Poetry Corner: Dasan Ahanu, 'Brown Bag Daddy'
ED GORDON, host:
Now it's time for our Poet's Moment.
My name is Dasan Ahanu, and this is my poem, "Brown Bag Daddy(ph)."
My father kept his whole life in a brown bag, squeezed tight at the top to hold dreams in, held up to his mouth to drown his sorrow or wash away his pain, facing everyday full of liquid courage and kept his potential in a brown bag. Sin laughed on neighborhood street corners, wisdom spoken in slurred speech, young eyes learned way too early that nobody beats the bull; $3 for ice cream from the ice cream shop; $2 for a Schlitz malt liquor bull from the corner store; $5 from a battered and withered wallet; 20 minutes spent between father and son that's priceless because a working man works for a living, and his living was in that brown bag; not in child support payments, school clothes or school supplies, no Little League refreshments, basketball shoes or football cleats, no roses on Valentine's Day; only Wild Irish because a mad dog sees street lights with 20/20 vision, trapped in a Boone's Farm; 40 acres and a mule is 40 ounces and a jackass, pissing away his life, love and child's admiration; in part, Bushes(ph) talking trash as time ticks, and he's hung over like necks hung from nooses.
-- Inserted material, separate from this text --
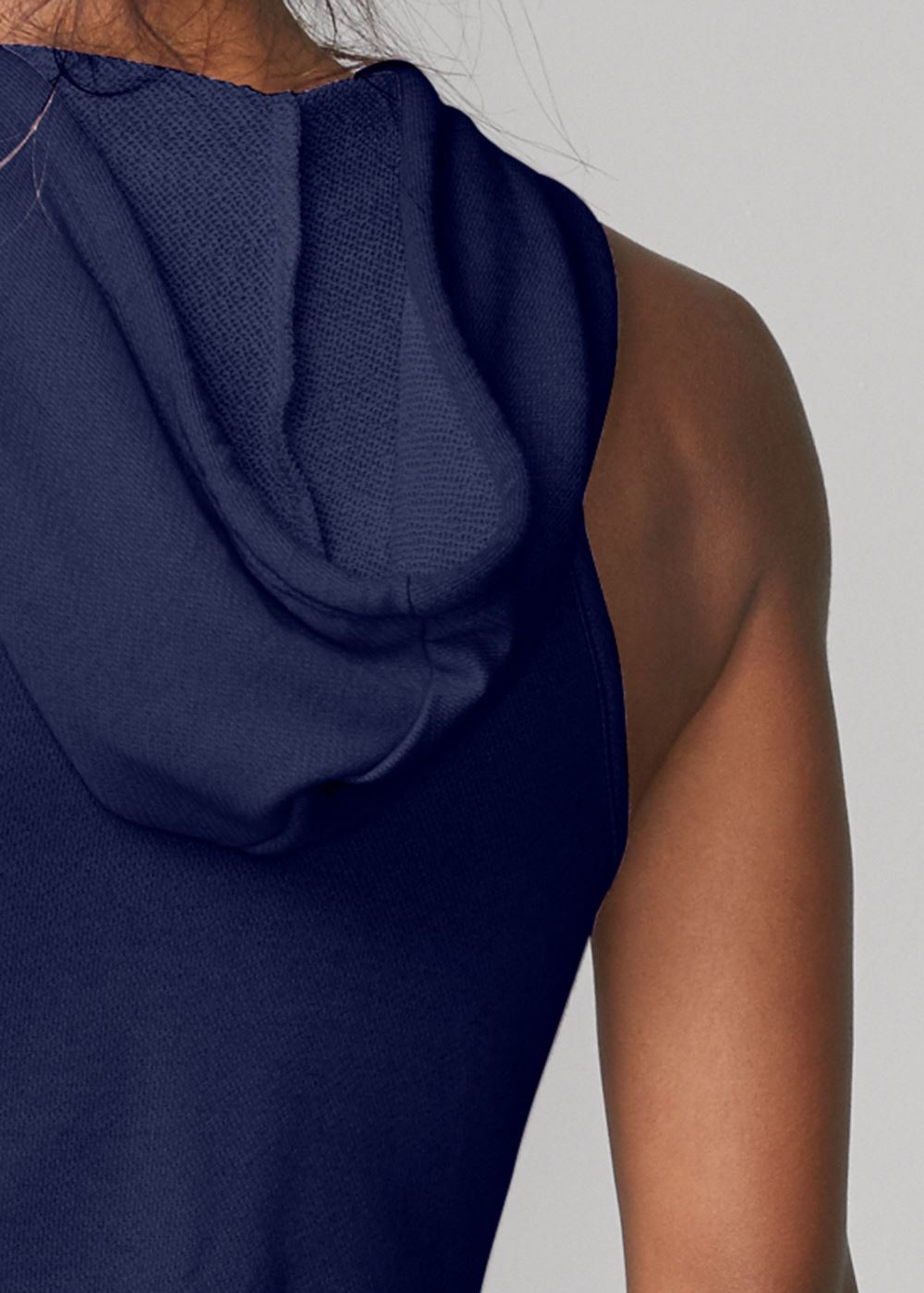 Venus Hooded Detail Dress in Navy Multi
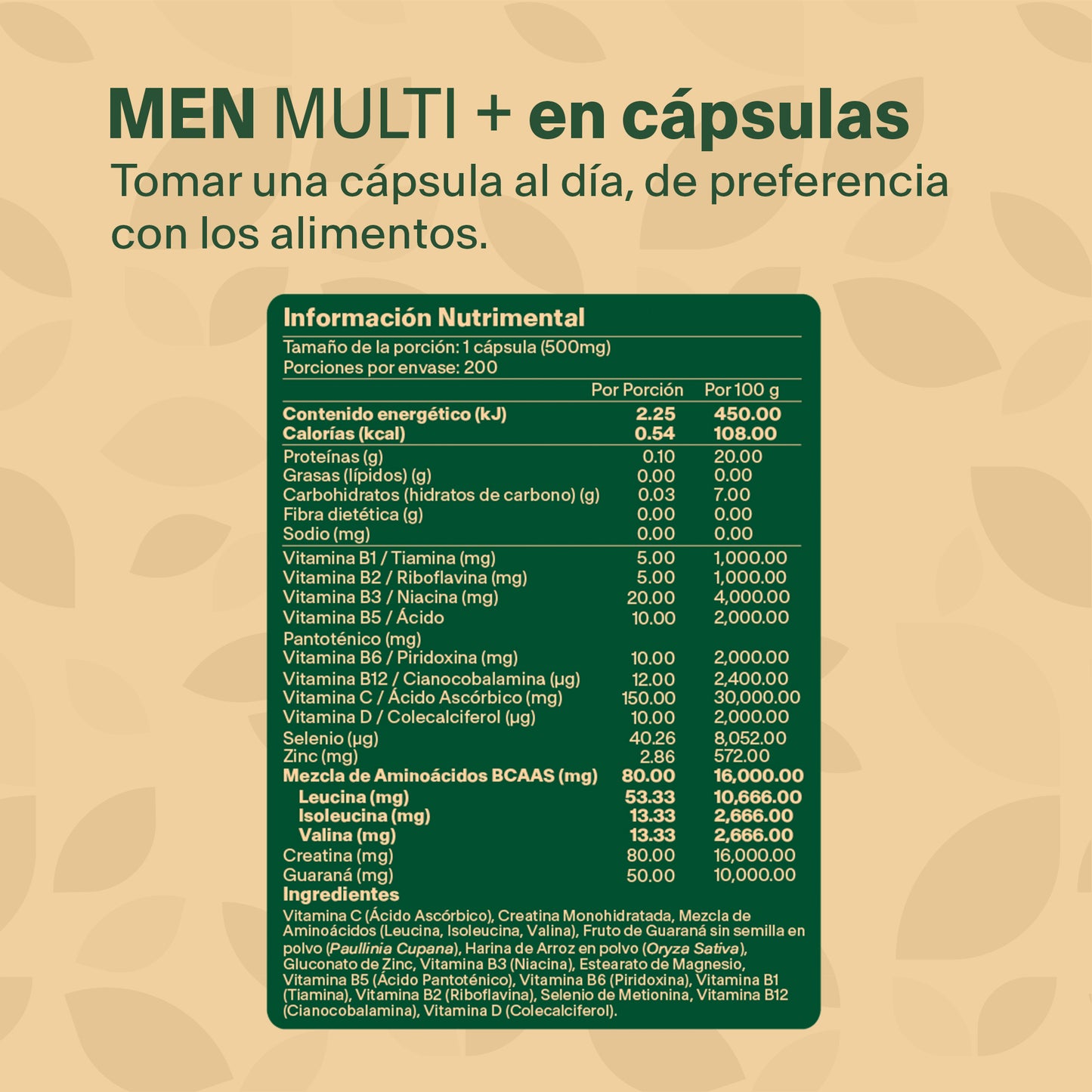 Men Multi Vitamin+ | Multivitamínico para hombre, BCAAS, Creatina y Complejo de Vitaminas B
His spirit is dying. Tomorrow is dying. His liver is dying. His mother is crying. His son is crying. Optimism is hopeless. No half-empty or half-full, he only sees the world in pints and fifths, so don't tell me about happiness and sadness. Don't tell me about heartache and pain and ups and down until you've seen your happiness go with the bottom of a bottle and come with every open top. Don't tell me about obsession until you wake up one morning and realize you can't stop; when sobriety is worse than insanity and every day is better straight up, no chaser; when your melanin is corrupted by wheat and barley; when your first love hardly recognizes you anymore and your son grows under your nose.
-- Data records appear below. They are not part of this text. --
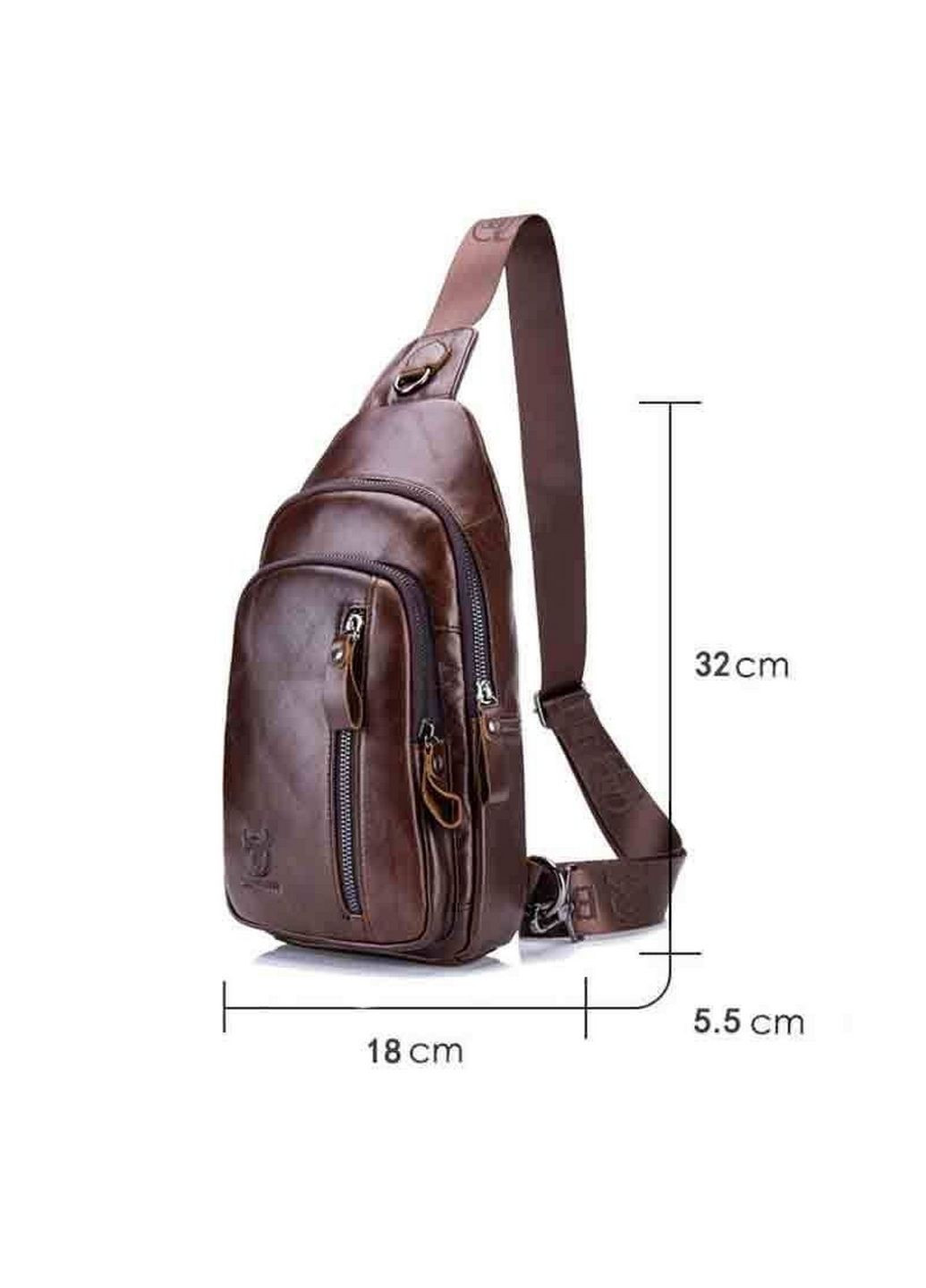 Кожаная сумка-слинг 32х18х5.5 см BULL (315872978)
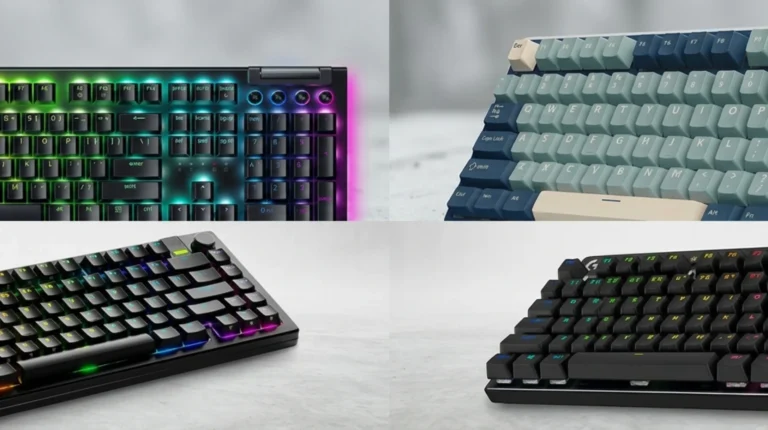 Mechanical gaming keyboard with PBT keycaps on a wooden desk, TKL layout shown from above
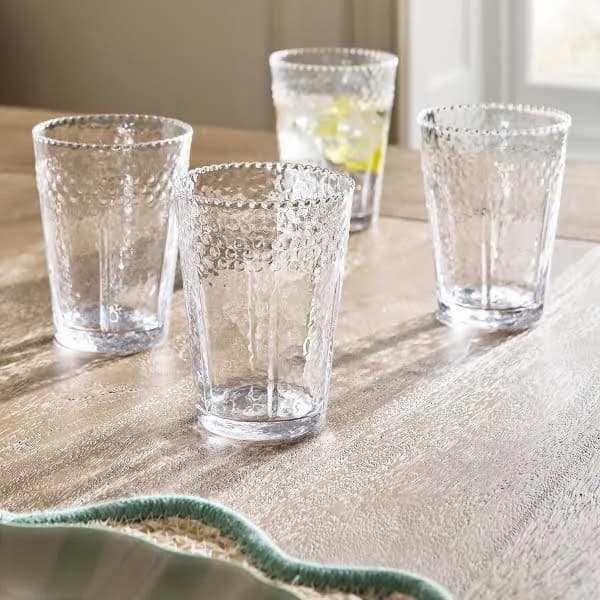 Unisex Next Set of 4 Clear Scallop Tumbler Glasses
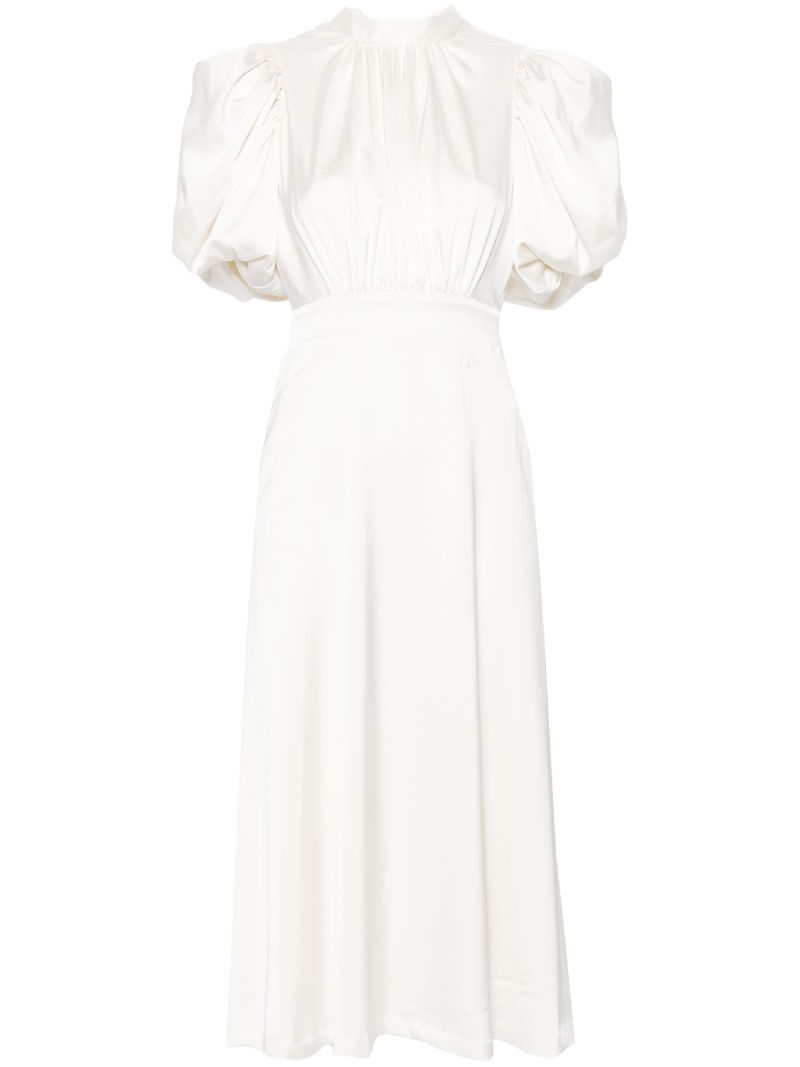 White Puff-sleeve Midi Dress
I wrote the poem "Brown Bag Daddy" sort of to get rid of some feelings that I have for my father, and my father had me at a young age. He was 17, my mother was 16, and has been an alcoholic for many years, and I struggled with trying to deal with that for a while and trying to get him to understand how bad it was for his health, and this poem kind of documents what I knew from when he was young and how he got started on this path all the way, and the poem ends with his death, sort of to try and let him know what will happen if he keeps down the path, and I actually wrote it just to perform in front of him, and it became such a powerful piece for me that I share it with a lot of other people now.
GORDON: Poet and spoken word artist Dasan Ahanu reading his poem, "Brown Bag Daddy." Dasan also teaches at the Center for Documentary Studies at Duke University. A CD collection of his work titled "Dilemma"(ph) will be available this summer.